Although the children are the stars of the show, after the parade on Friday morning more than 3,000 children, parents and teachers tucked into a lunchtime feast.
The tradition goes back to the 16th century, being mentioned for the first time in the minutes of a local government meeting in 1587, but something similar had probably been going on for a few decades. Schoolchildren would head to the town hall for a meal at the beginning of the new school intake in mid-January – with masked figures playing all sorts of pranks.

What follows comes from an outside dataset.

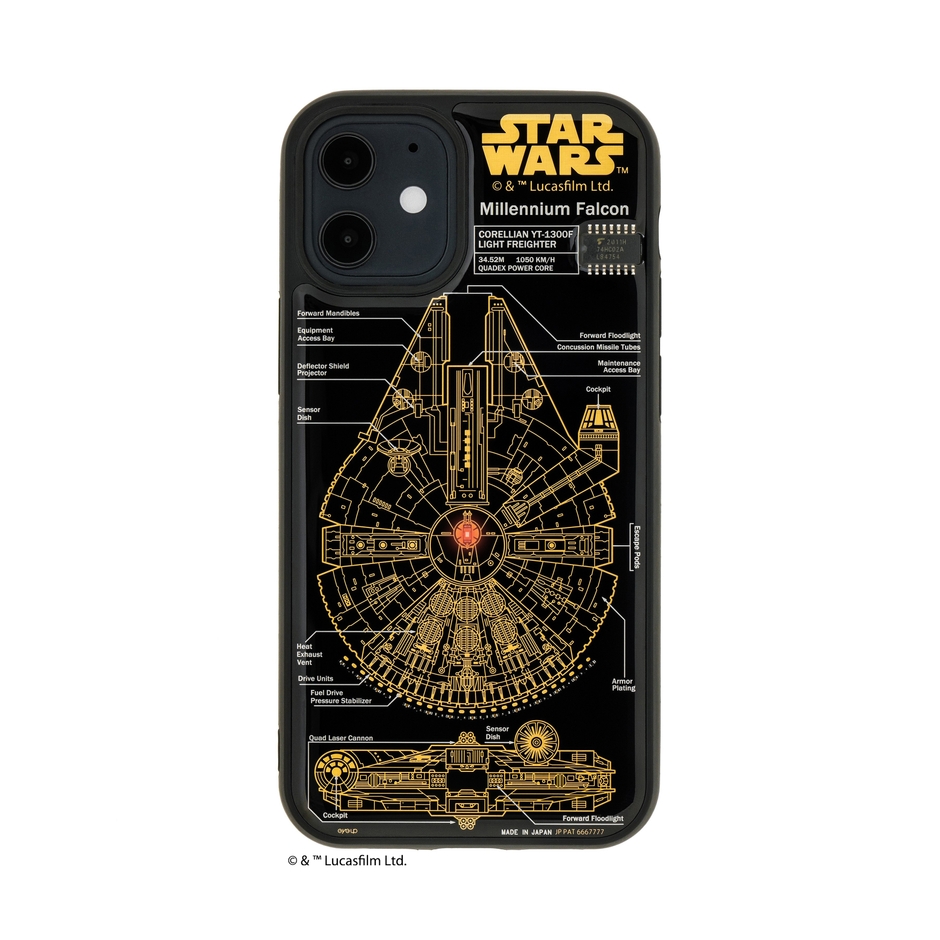 FLASH M-FALCON 基板アート iPhone 12 miniケース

In 1608 this was moved to the beginning of May (hence the May Parade), but teachers and the clergy were increasingly unhappy about the similarities with Fasnacht (carnival) and in 1700 they put an end to what they considered a load of sacrilegious nonsense.
However, so as not to deprive the children of their traditional feast, they decided to link it to another 16th-century custom which involved schoolchildren following musicians into the woods to cut down canes – which would then be used to beat naughty schoolchildren. Games and competitions were then held in the afternoon.
The religious aspects were gradually dropped and the Maienzug developed into a sort of folk festival with musical and theatrical performances.
For about 30 years the action has actually started the night before, on Maienzug Eve, when around 10,000 people congregate in squares, alleys, bars and concert areas, enjoying themselves until the early hours.